Люди — как постоянно напоминают нам псевдоэгалитаристы — всегда умирали слишком рано, слишком молодыми, слишком одинокими, слишком измученными невыносимой душевной болью. Но только женщины умирают одна за другой, знаменитые или безвестные, богатые или бедные, одинокие, задушенные ложью, застрявшей у них в горле. Только женщины умирают одна за другой, до последней минуты пытаясь воплотить идеал, навязанный им мужчинами, которые любят использовать и выбрасывать их. Только женщины умирают одна за другой, до последней минуты улыбаясь улыбкой сирены, улыбкой кокетки, улыбкой сумасшедшей. Только женщины умирают одна за другой, безупречно ухоженные или безобразно растрепанные, запертые в четырех стенах, придавленные стыдом до того, что даже кричать не могут. Только женщины умирают одна за другой, все еще веря, что если бы только они были идеальными — идеальными женами, матерями или шлюхами — то не дошли бы до такой ненависти к собственной жизни, она не казалась бы им такой необъяснимо тяжелой и пустой, такой безнадежно запутанной и полной отчаяния. Женщины умирают, оплакивая не потерю собственной жизни, но свою неспособность достигнуть совершенства, установленного для них мужчинами. Женщины отчаянно пытаются воплотить задаваемый мужчинами идеал, так как от этого зависит их выживание. Идеал по определению превращает женщину в функцию, лишает ее всякой индивидуальности, которая была бы самосозданной или служащей своим интересам — то есть не представляющей пользы для мужчин. Это монструозное женское стремление к определяемому мужчинами совершенству, по сути своей столь враждебное всякой свободе и целостности, неминуемо приводит к разочарованию, параличу или смерти; но, как мираж в пустыне, как спасительный оазис, на деле оказывающийся обманом, выживание нам обещано лишь в этой конформности и ни в чем другом.

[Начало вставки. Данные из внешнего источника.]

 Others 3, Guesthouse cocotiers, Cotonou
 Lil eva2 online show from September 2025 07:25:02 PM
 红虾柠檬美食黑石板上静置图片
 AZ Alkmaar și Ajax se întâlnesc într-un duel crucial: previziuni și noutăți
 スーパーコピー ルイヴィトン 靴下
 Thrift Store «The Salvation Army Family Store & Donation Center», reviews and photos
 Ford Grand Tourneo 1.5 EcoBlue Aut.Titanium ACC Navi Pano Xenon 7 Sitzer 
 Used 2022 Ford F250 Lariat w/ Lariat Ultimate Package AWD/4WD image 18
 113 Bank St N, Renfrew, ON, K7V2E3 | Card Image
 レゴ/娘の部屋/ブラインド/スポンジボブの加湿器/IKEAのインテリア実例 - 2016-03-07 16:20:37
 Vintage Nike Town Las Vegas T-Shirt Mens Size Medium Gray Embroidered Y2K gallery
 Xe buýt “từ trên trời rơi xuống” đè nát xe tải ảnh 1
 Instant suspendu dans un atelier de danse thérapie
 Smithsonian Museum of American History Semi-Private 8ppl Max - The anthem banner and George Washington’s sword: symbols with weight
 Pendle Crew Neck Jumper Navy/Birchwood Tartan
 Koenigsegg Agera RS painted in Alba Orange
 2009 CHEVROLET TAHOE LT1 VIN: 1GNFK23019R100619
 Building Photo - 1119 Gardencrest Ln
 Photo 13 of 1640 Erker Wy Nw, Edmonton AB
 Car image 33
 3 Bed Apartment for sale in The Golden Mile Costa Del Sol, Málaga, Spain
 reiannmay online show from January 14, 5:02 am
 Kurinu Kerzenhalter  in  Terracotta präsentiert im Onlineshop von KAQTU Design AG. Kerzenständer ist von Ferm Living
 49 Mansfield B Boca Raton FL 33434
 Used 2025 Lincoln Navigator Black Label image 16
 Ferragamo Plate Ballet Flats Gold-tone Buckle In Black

Женщина должна сливаться с окружением, как хамелеон, никогда не привлекая внимания к тем качествам, которые выделяют ее среди остальных, поскольку это также привлечет смертельно опасное внимание хищника. Ей фактически отведена роль добычи, и все мужчины — писатели, ученые и доморощенные философы — на каждом углу твердят об этом с самодовольной гордостью. Пытаясь заключить сделку, женщина как будто говорит: я вверяю себя тебе на твоих условиях. Она надеется, что его смертоносное внимание обратится на другую, что подстраивается не так искусно, не так готовно. Она, по существу, выкупает обломки своей жизни — то, что от этой жизни осталось после того, как сама она отреклась от своенравной индивидуальности, пообещав стать безразличной к судьбам других женщин. Это сексуальное, социологическое и духовное приспособленчество, калечащее всякое нравственное начало, по большому счету, и является первичным императивом выживания женщин под пятой мужского господства.